Nombembe has indicated that only nine municipalities in the country have clean audits. This year’s figure for irregular expenditure amounts to R9.82 billion, while fruitless and wasteful expenditure reached R568 million — more than double than it was last year. “Clean audits have remained at the low level of 5% for the past three years, and the overall audit outcomes regressed, as 41 auditees improved, but 51 auditees regressed,” states Nombembe. “Moreover, almost half of the auditees that obtained a clean audit opinion were municipal entities, rather than municipalities themselves,” he continues. Nombem bebelieves that improved audit outcomes for George, Langeberg and Mossel Bay municipalities in the Western Cape, were a result of “leadership commitment.”“They prove beyond doubt that clean administration is achievable where there is leadership commitment.”

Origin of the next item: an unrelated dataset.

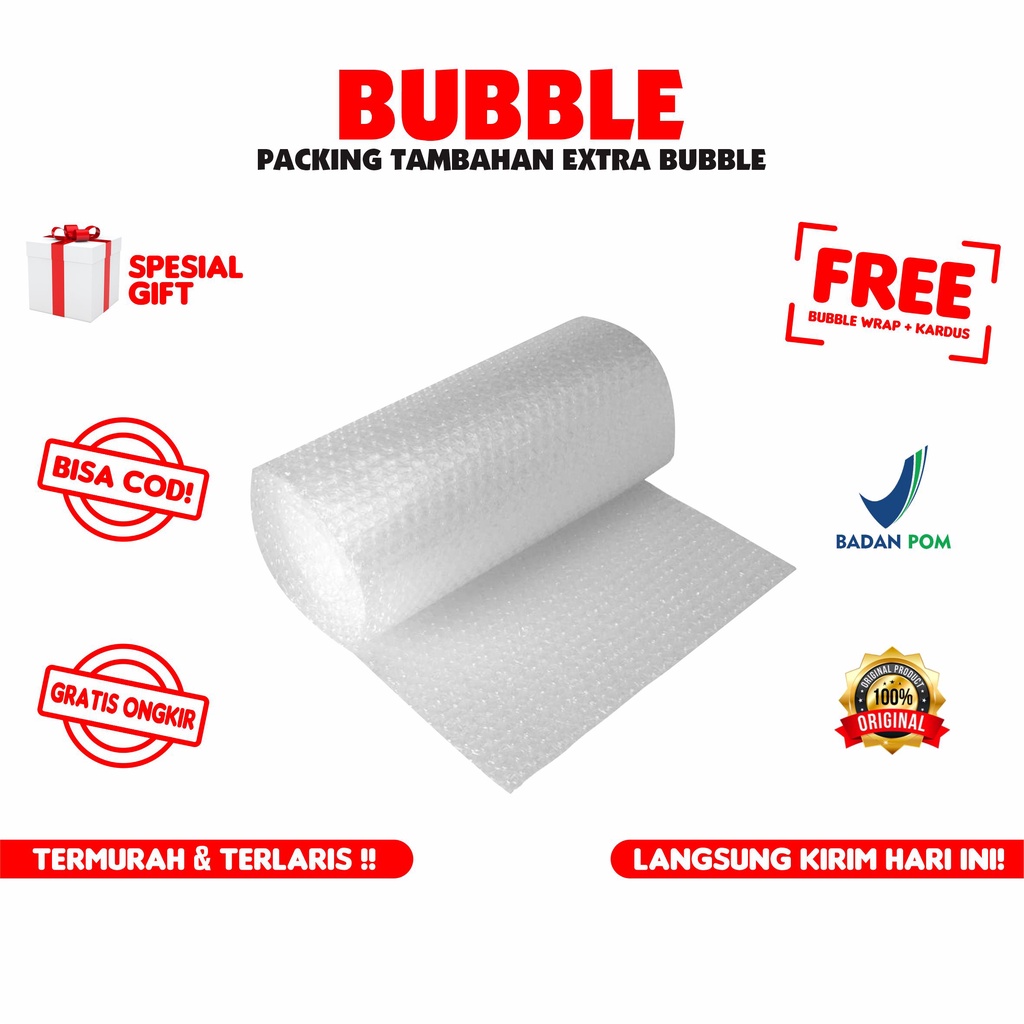 

BUBBLE WRAP Tambahan Packing Extra Pelindung Paket Lebih Aman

Nombembe has revealed that all eight metros failed to obtain a clean audit, with one — Mangaung in the Free State — receiving a disclaimer. In 2012 South Africa witnessed a rise in service delivery protests, with the highest citizen action since 2004 recorded in the first half of the year, according to statistics gathered by Municipal IQ. Deputy Co-operative Governance and Traditional Affairs minister Andries Nel states the deteriorating audit outcomes should not discourage municipalities from pressing to meet next year’s target of clean governance. “Laudably ambitious targets were set. Those targets are proving more difficult to reach.”